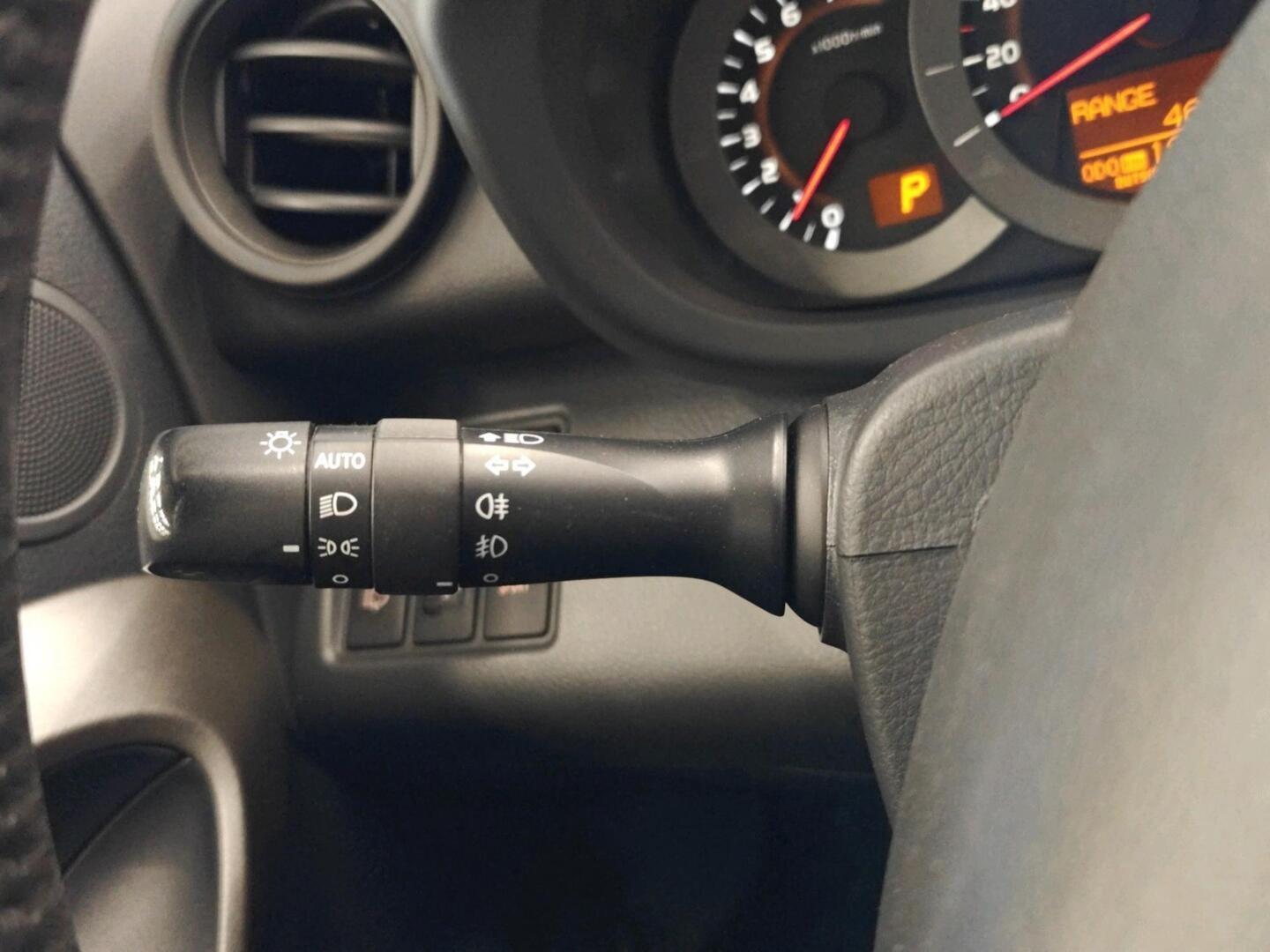 TOYOTA RAV4 2011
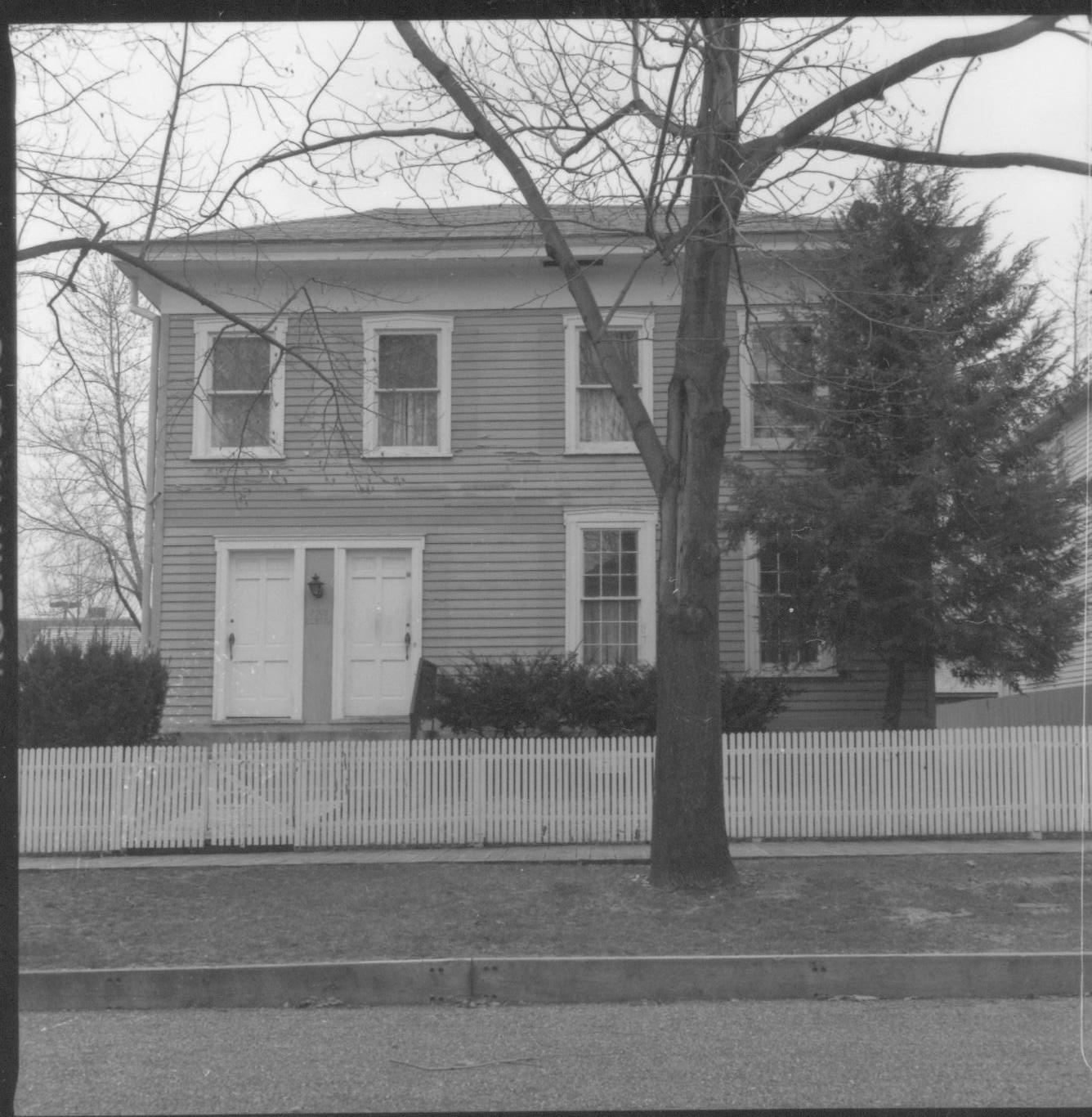 NA Lincoln Home NHS- Various locations neighborhood, historical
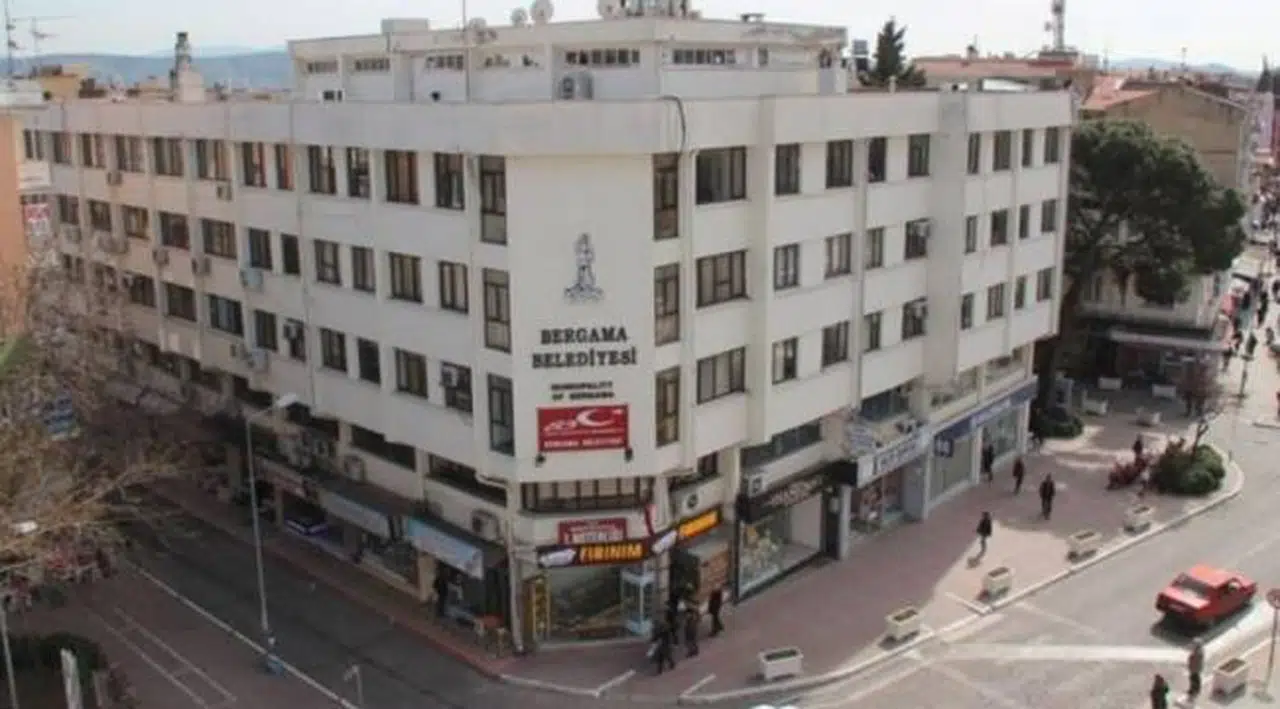 104 dükkanın elektriği kesildi, belediye yıkıma başladı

☆ ☆ ☆ ☆ ☆

Return all of the material above unchanged, minus its pictures.

 TOYOTA RAV4 2011
 NA Lincoln Home NHS- Various locations neighborhood, historical
 104 dükkanın elektriği kesildi, belediye yıkıma başladı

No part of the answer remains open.